The Senate, as in Committee of the Whole, resumed the consideration of the bill (H. R. 1) to reduce and equalize taxation, provide revenue, and for other purposes.

Mr. SMOOT. Mr. President, the next amendment passed over will be found on page 205, section 441, tax on sales of produce on exchange, to strike out lines 12 to 14, inclusive.

Mr. FLETCHER. Mr. President, may I ask the Senator what became of the amendment in line 7, striking out the words "$1 each year"?

Mr. SMOOT. That went over.

Mr. FLETCHER. It has not been acted on?
Mr. SMOOT. No; it has not been acted on.

The PRESIDING OFFICER (Mr. MCNARY in the chair). The question is on the amendment of the committee.

Mr. HARRISON. Mr. President, may I ask the Senator from Utah and the Senator from Washington [Mr. JONES] a question? We can not possibly finish the consideration of the revenue bill to-day, although we are making pretty good strides. Can we not take up the conference report on the flood control bill? I understand that the House has adopted it, and it is here before the Senate. I should be very glad if we could get that matter out of the way.

Mr. JONES. Mr. President, I desire to say to the Senator from Mississippi that I am very anxious to get rid of this floodcontrol conference report. I gave notice last night that I expected to take it up to-day, but the Senator from Utah [Mr. SMOOT], in charge of the revenue bill, and the Senator from Kansas [Mr. CURTIS], the leader on this side, urged me very strongly to put the matter over at least until to-morrow in the hope of getting along with the revenue bill. Very reluctantly I consented to that course. I would like very much to have the conference report disposed of as soon as possible.

Mr. HARRISON. I thought perhaps the reason actuating the Senator from Utah in his stand was his belief that we could finish with the revenue bill to-day, but we can not conclude the consideration of it to-day, and I wish we could get up the flood-control conference report.

Mr. SMOOT. Does the Senator from Washington think we can complete consideration of the conference report to-day?

Mr. JONES. I do not suppose that it would take anywhere near all the day. Of course, I do not know how long anyone may desire to speak upon it. I understand the Senator from Nebraska [Mr. NORRIS] wants to make some remarks on itI do not know how long-and the Senator from North Dakota [Mr. FRAZIER] wants to speak on it. I do not know whether anyone else desires to speak on the conference report. I had hoped that if we got it up probably it would take but an hour or so, even if it took that long.

Mr. SIMMONS. Mr. President, I have no information as to anyone on this side who desires to address the Senate on the flood-control conference report.

Mr. HARRISON. I thought perhaps the Senator from Utah [Mr. KING] might want briefly to discuss the conference report. I do not think it would take any amount of time.

Mr.

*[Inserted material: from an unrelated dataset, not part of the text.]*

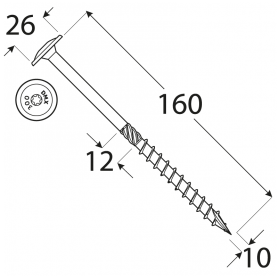 Wkręt ciesielski z łbem talerzowym 10mm - CT - karton DMX - 13
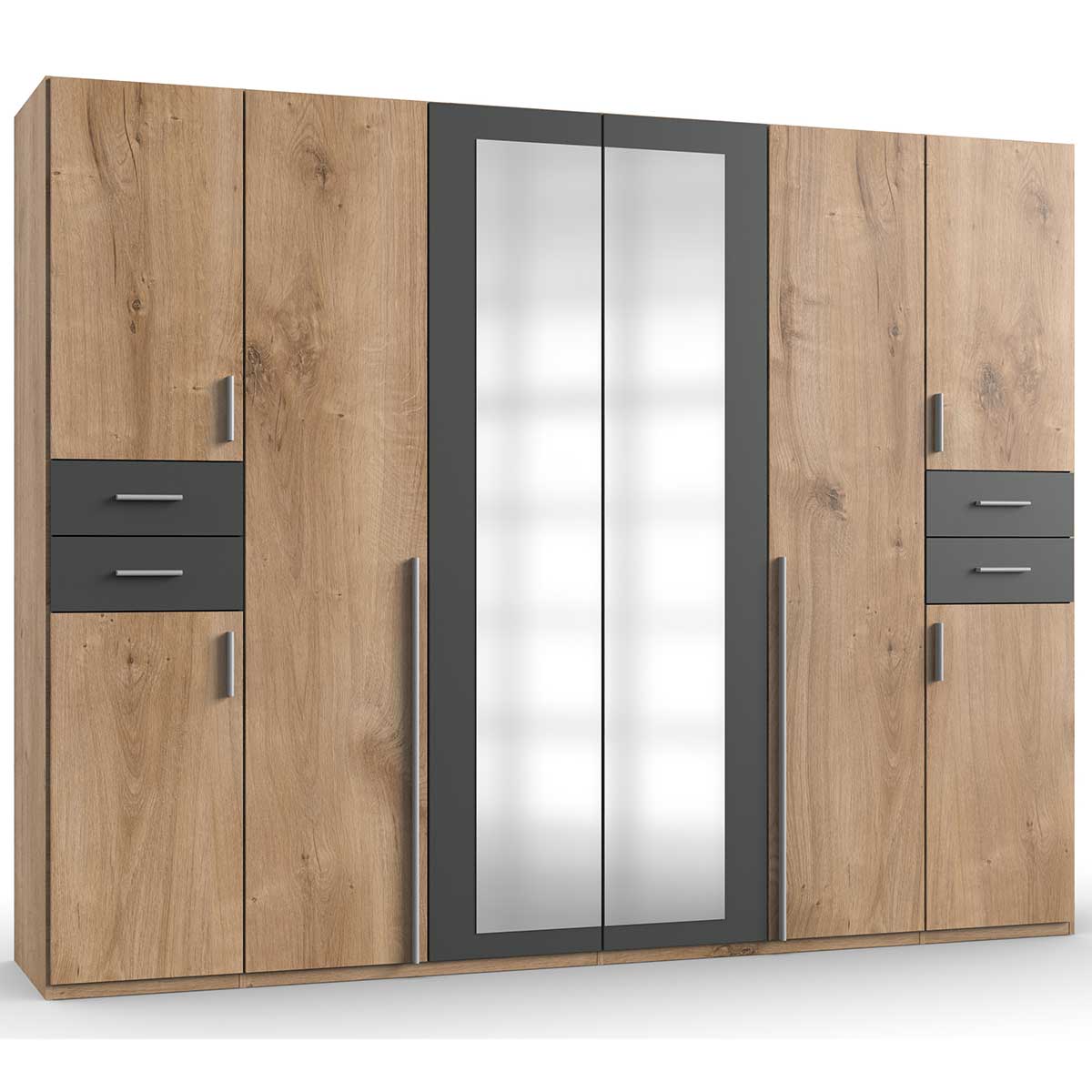 Wimex Vegas Kleiderschrank 2 Spiegel 270 cm Plankeneiche Dekor/Graphit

SMOOT. In order to save time, so as to arrive at something definite, I will consent that the conference report shall be taken up now. I give notice now that unless the consideration of the conference report is completed to-day I shall ask to have it laid aside to-morrow. For the present I ask that the revenue bill be laid aside for the sole purpose of taking up the conference report.

Mr. NORRIS. Mr. President, before that is done, so there will be no misunderstanding, I desire to say that I do not know that there will be any lengthy debate. The Senator from North Dakota [Mr. FRAZIER] and I want to talk a while on the report. It is perfectly immaterial, as far as I am concerned, whether it is taken up now or laid over until to-morrow, but I do not want to have any understanding that we will get through with it at any particular time.

Mr. SMOOT. There is no understanding, except that it may be considered for the whole day to-day.

Mr. NORRIS. I should think we would get through to-day, but I can not give any assurance of that kind.

Mr. SMOOT. Let us try to get through to-day. Mr. FLETCHER. I can not see any reason why we should not get through to-day and dispose of the report.

Mr. JOHNSON. Mr. President, a parliamentary inquiry. Has not the conference report the right of way?

Mr. SMOOT. The conference report has the right of way to be presented, but that is all; it may be presented at any time; but if there is any objection whatever, the Senate has to vote as to whether it will take up the conference report or not.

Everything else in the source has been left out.